RRI.CO.ID, Surakarta - Tradisi sadranan kembali menjadi perhatian masyarakat Jawa menjelang bulan suci Ramadan. Hal ini dibahas dalam Dialog Jagongan Pro 4 RRI Surakarta yang menghadirkan Dr. Arifuddin, Lc., M.A., Dosen Prodi Sastra Arab dan Prodi S2 Ilmu Linguistik FIB UNS Surakarta, pada Jumat 27 Januari 2026.

Dalam dialog tersebut, Dr. Arifuddin menjelaskan bahwa secara etimologis, kata sadranan berasal dari bahasa Sansekerta sraddha yang berarti keyakinan atau kepercayaan. Ia menyebut tradisi ini berakar dari era Kerajaan Majapahit sebagai bentuk penghormatan kepada leluhur. “Awalnya berupa ritual pemujaan di masa Hindu-Buddha, kemudian mengalami Islamisasi,” ujarnya.

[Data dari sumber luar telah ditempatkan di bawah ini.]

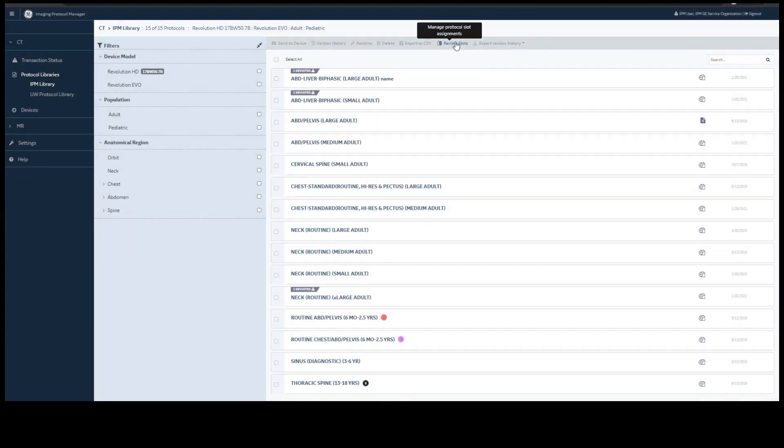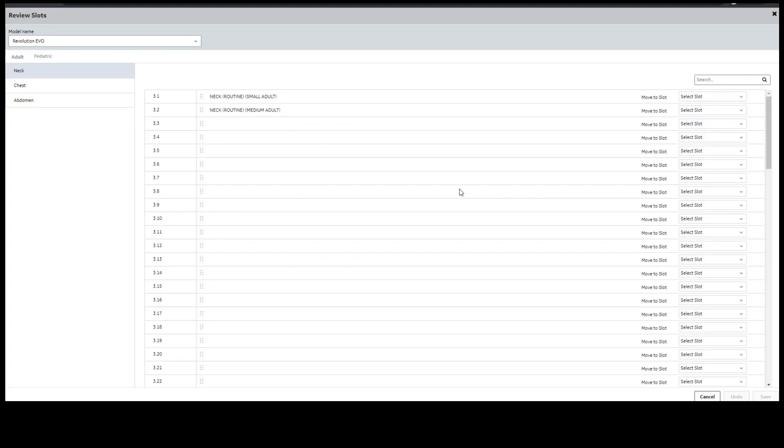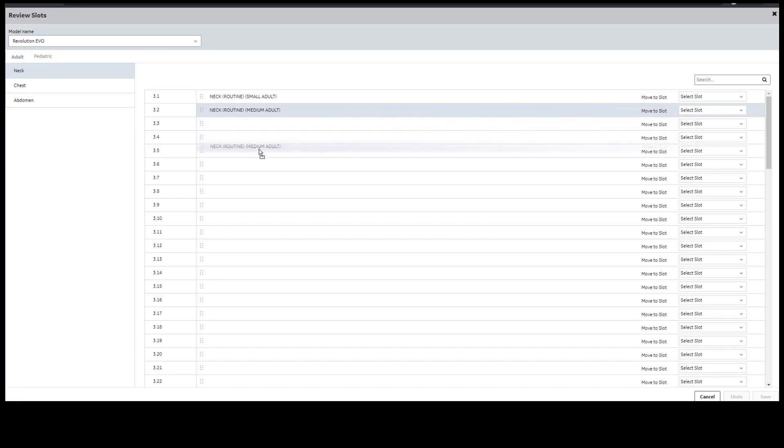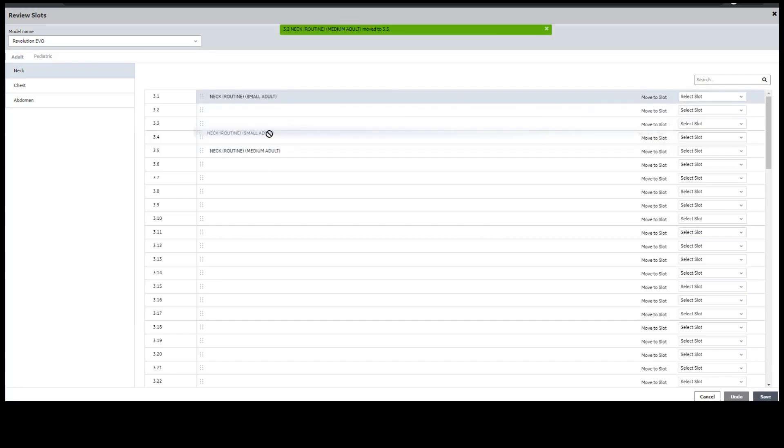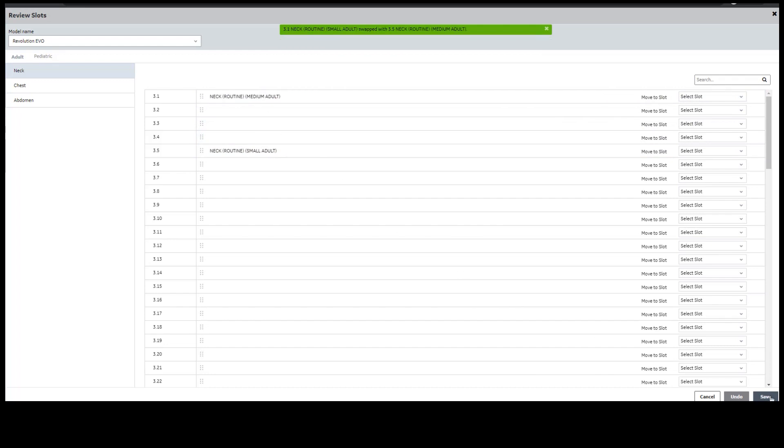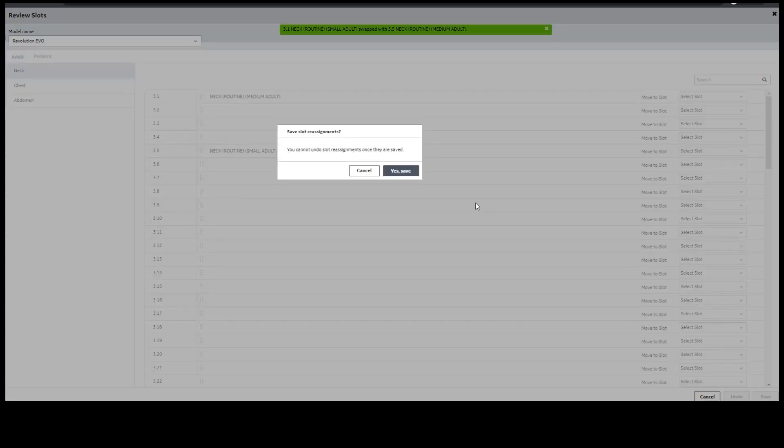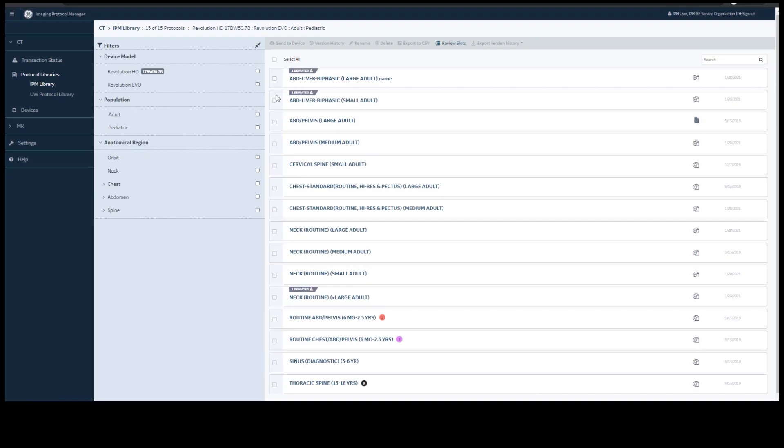In IPM, you have the ability to review slots. The model name will be at the top. Underneath it will be all protocols that are in your standard library for use in the slots. You can simply drag them to a new slot number or you can switch them. Once you are finished, you simply select save. You will want to send those protocols back to your device as well. You also have the option to export your version history by protocol or model.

Menurut Arifuddin, proses Islamisasi membuat makna sadranan bergeser tanpa menghilangkan nilai dasarnya. Ritual yang semula bersifat pemujaan diubah menjadi kegiatan doa bersama untuk para leluhur. “Nilai yang ditanamkan adalah mendoakan orang tua, guru, dan leluhur yang telah wafat,” katanya.

Sadranan biasanya dilakukan pada bulan Ruwah dalam kalender Jawa, menjelang Ramadan. Nama Ruwah sendiri disebut berasal dari kata Arab arwah, bentuk jamak dari ruh. “Karena di bulan ini masyarakat banyak mendoakan arwah para leluhur, maka disebut bulan Ruwah,” jelas Dr. Ariefudin.

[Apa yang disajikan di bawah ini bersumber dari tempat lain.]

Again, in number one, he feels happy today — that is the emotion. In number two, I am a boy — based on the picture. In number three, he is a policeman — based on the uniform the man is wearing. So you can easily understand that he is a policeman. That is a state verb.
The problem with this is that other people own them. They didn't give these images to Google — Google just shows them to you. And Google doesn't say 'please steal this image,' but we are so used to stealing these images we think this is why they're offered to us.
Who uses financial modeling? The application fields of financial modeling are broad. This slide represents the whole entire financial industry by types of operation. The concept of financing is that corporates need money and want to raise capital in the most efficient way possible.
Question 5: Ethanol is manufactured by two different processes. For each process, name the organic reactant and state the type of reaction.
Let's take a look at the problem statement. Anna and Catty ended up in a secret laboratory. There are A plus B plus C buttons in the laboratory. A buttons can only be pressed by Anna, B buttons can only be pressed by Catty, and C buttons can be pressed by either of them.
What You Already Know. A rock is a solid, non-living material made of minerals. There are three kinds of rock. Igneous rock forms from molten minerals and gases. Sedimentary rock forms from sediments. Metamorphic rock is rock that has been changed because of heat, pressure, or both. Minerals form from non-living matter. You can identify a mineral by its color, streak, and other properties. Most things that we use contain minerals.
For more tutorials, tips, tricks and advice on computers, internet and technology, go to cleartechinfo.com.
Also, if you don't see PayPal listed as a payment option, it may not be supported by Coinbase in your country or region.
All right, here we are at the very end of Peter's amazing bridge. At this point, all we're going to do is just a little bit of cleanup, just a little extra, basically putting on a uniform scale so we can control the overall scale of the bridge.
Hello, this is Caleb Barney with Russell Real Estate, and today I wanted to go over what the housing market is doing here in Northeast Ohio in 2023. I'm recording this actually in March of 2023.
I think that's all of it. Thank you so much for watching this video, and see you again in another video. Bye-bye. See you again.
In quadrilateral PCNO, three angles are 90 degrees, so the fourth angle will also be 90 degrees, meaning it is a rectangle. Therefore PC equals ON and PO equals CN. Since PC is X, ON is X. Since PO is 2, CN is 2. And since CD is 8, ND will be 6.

Dalam praktik budaya Jawa, sadranan tidak hanya berisi doa, tetapi juga kegiatan sosial seperti resik-resik makam dan lingkungan sekitar. Kegiatan ini dikerjakan secara gotong royong oleh warga desa. “Nilai kebersamaan, kerukunan, dan kepedulian sosial sangat kuat di sini,” ujarnya.

Setelah doa bersama, masyarakat biasanya membawa dan saling menukar makanan dalam tradisi kembul bujana, sebuah tradisi Jawa makan bersama-sama dalam satu wadah atau lesehan menggunakan alas daun pisang. Makan bersama ini menjadi simbol rasa syukur sekaligus sarana mempererat silaturahmi antarwarga. Arifuddin menilai tradisi ini membentuk karakter sosial yang guyub dan harmonis.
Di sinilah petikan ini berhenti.